Festival de Cannes 2024 : voici la sélection officielle

“Une édition exceptionnelle, le festival de tous les records.” C’est par ces qualificatifs au bord de la crânerie qu’Iris Knobloch a défendu le bilan de l’édition 2023 du Festival de Cannes (fréquentation sans précédent, sacre des films primés par les Oscars etc.), ne manquant pas de rappeler dans le même temps que cette édition était aussi la première dont elle avait la charge de présidente. Le rappel d’une telle réussite ne manquait pas de mettre une pression particulière sur l’annonce de la nouvelle sélection officielle par Thierry Frémaux, avec qui la présidente constitue un tandem célébrant ses “noces de coton”, une matière “douce et résistante” comme leur association, selon ses mots malicieux.

Pourvu qu’elle soit douce

De fait, sur le papier, la sélection officielle est prometteuse. Elle combine avec un sens aigu des équilibres des paris audacieux sur de jeunes cinéastes encore peu connues propulsées en Compétition (Payal Kapadia, Coralie Fargeat, Agathe Riedinger…), des cinéastes aimés pour la première fois en compète (Miguel Gomes) ou qu’on se plait à y retrouver (Jia Zhangke, Christophe Honoré, David Cronenberg…).
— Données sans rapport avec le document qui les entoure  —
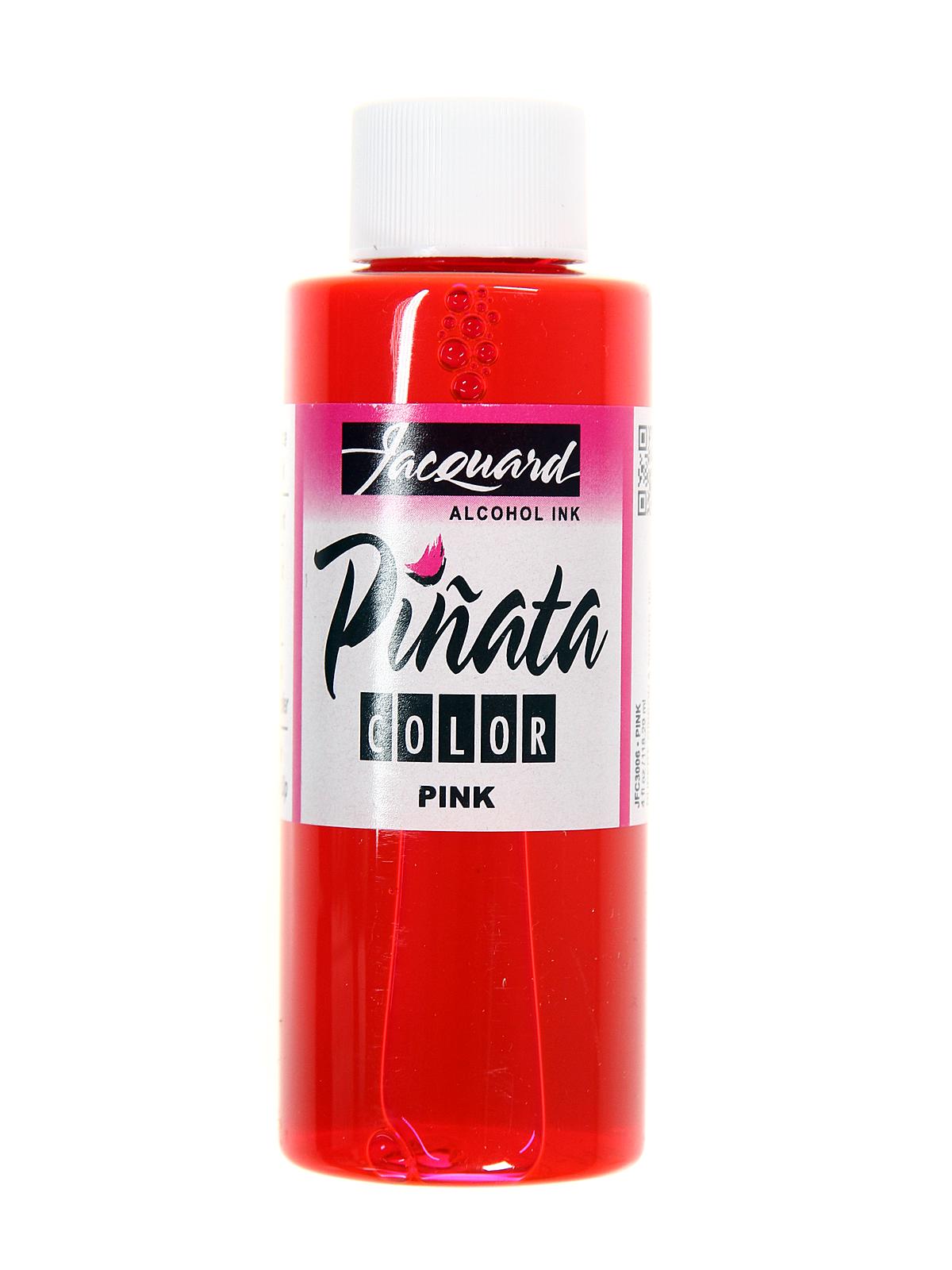 PiÃ±ata Alcohol Inks pink 4 oz.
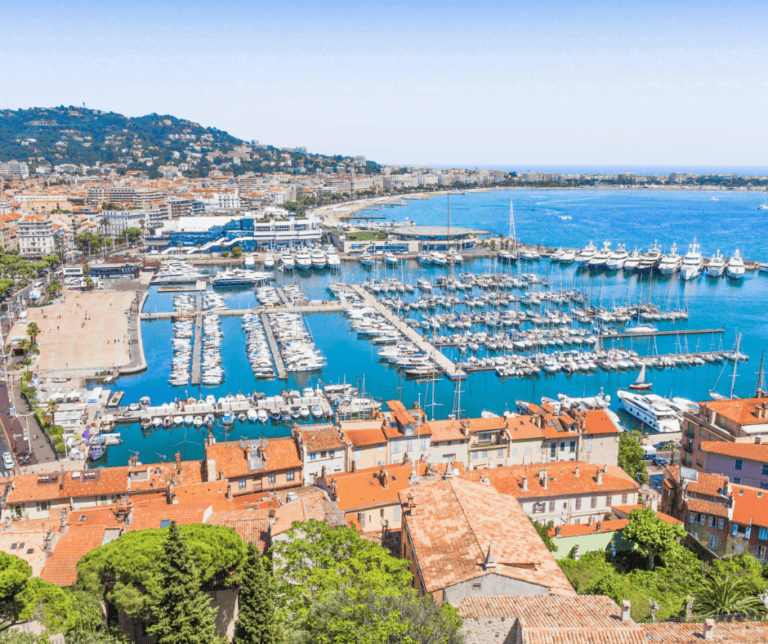 A Day Trip To Cannes - Emma Jane Explores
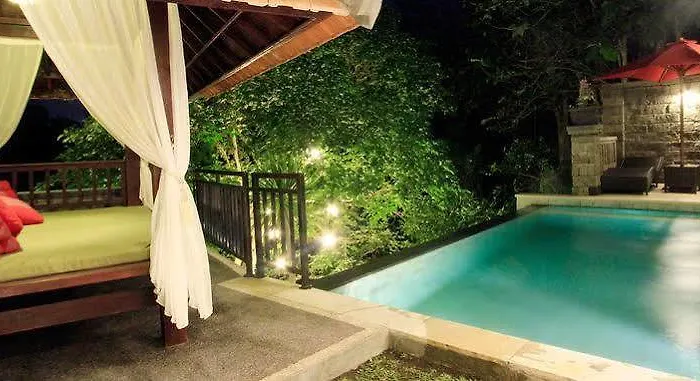 Hotel Griya Shanti & Ubud (Bali)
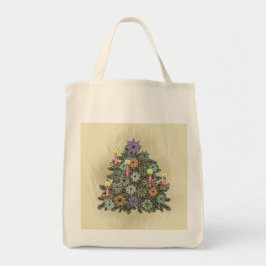 Árbol de Navidad - Bolsa de Tote, Bolsa de compras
Seul deux anciens palmés concourent à nouveau : Jacques Audiard (neuf ans après Dheepan, avec un film qualifié par Thierry Fremaux de comédie musicale dans le milieu du Cartel) et Francis Ford Coppola (le seul doublement palmé, en 1974 pour Conversation secrète et en 1979 pour Apocalypse Now).

C’est dans l’air, c’est nécessaire

Le reste de la Sélection officielle, comprenant pas moins de quatre sections hors compétition, parait désormais s’attacher à faire entrer tout le cinéma : des films d’action asiatiques (en séances de minuit), des films à grand spectacle américains (le western de Kevin Costner, le dernier Mad Max de Georges Miller), la plus grosse production chinoise de l’année (avec l’ex-star de Wong Kar-wai, Zhang Yiyi), des réalisateurs français qui ont déjà connu la compète (les Larrieu, Alain Guiraudie, Leos Carax pour un projet atypique de 40 minutes), la comédie féministe de Noémie Merlant écrite avec Céline Sciamma, un documentaire de Yolande Zauberman sur des personnes transgenres de Gaza, la première réalisation de Laetitia Dosch, des films venus de cinématographies peu profuses comme l’Arabie Saoudite, la Zambie ou la Somalie.

À qui tendre la main ?

Ces annonces sont appelées à être complétées dans les prochains jours, comme l’a rappelé Thierry Frémaux. À ce stade, on note l’absence de films qui revenaient beaucoup dans les pronostics : Emmanuelle d’Audrey Diwan – qui pourrait venir renforcer la diversité de genre d’une Compétition qui ne comporte pour l’instant que quatre réalisatrices (moins que l’an dernier, où on en comptait sept) –, Spectateurs ! d’Arnaud Desplechin, le nouveau film d’Albert Serra ou encore ceux d’Emmanuel Mouret, Lucas Guadagnino, Patricia Mazuy. Notons que la sélection comprend souvent un film d’animation familial : Vice Versa 2, pas encore annoncé, pourrait pourvoir cette case. Mais aussi une grosse production française hors-compétition : dans cet emploi, on attendait Le comte de Monte-Cristo, voire Monsieur Aznavour avec Tahar Rahim (L’amour ouf de Gilles Lellouche – qui n’est, semble-t-il, ni le remake de L’Amour fou de Jacques Rivette, ni l’adaptation de L’Amour fou d’André Breton – a lui carrément été pris en compétition).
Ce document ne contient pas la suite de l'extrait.